(Caption-style text data)
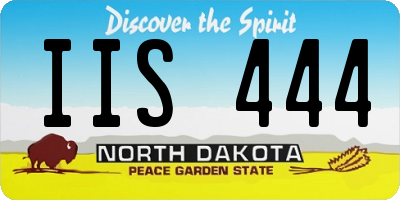 ND license plate IIS444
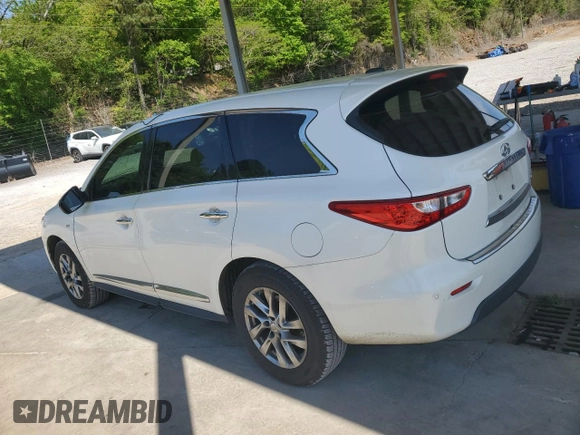 2014 Infiniti QX60 with VIN 5N1AL0MN4EC508023, listed as a Copart auction lot 53444875 with 194,727 mi miles and Salvage Title. Bid and sale history available at carsss.com. Image 2.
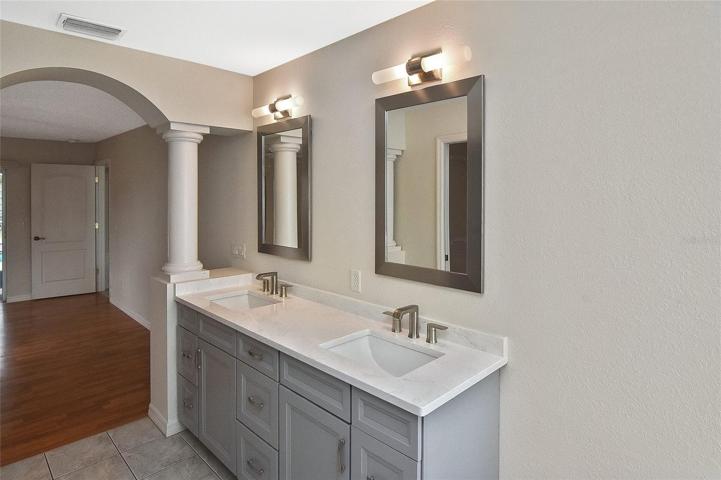 DOUBLE VANITY MASTER BATH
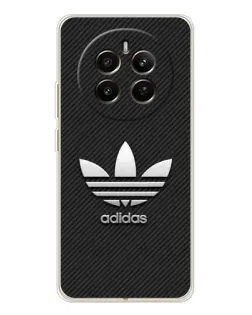 Чехол для Realme 12 с картинкой «Adidas Карбоновая текстура»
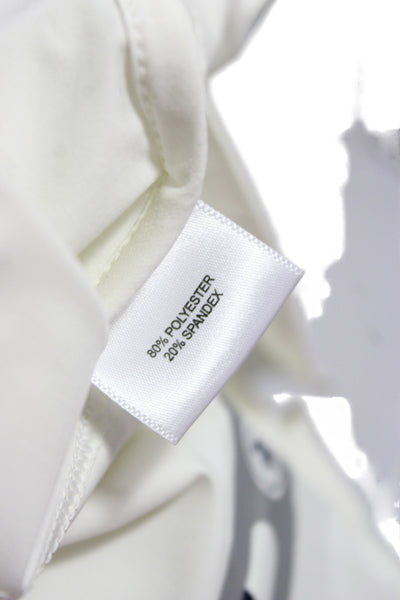 Peter Millar Unisex Pullover Hoodie High Neck Zip Long Sleeve White Size S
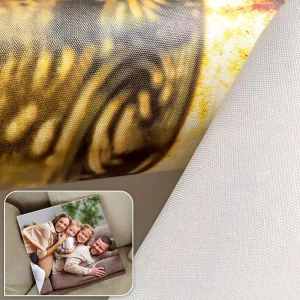High gloss Eco friendly Solvent Inkjet Printing Blank Polyester Canvas Roll Factory Price Waterproof Waterproof Printed Canvas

Activity
Every line above is to be returned exactly, with its pictures removed.

Result of this exercise
 ND license plate IIS444
 2014 Infiniti QX60 with VIN 5N1AL0MN4EC508023, listed as a Copart auction lot 53444875 with 194,727 mi miles and Salvage Title. Bid and sale history available at carsss.com. Image 2.
 DOUBLE VANITY MASTER BATH
 Чехол для Realme 12 с картинкой «Adidas Карбоновая текстура»
 Peter Millar Unisex Pullover Hoodie High Neck Zip Long Sleeve White Size S
High gloss Eco friendly Solvent Inkjet Printing Blank Polyester Canvas Roll Factory Price Waterproof Waterproof Printed Canvas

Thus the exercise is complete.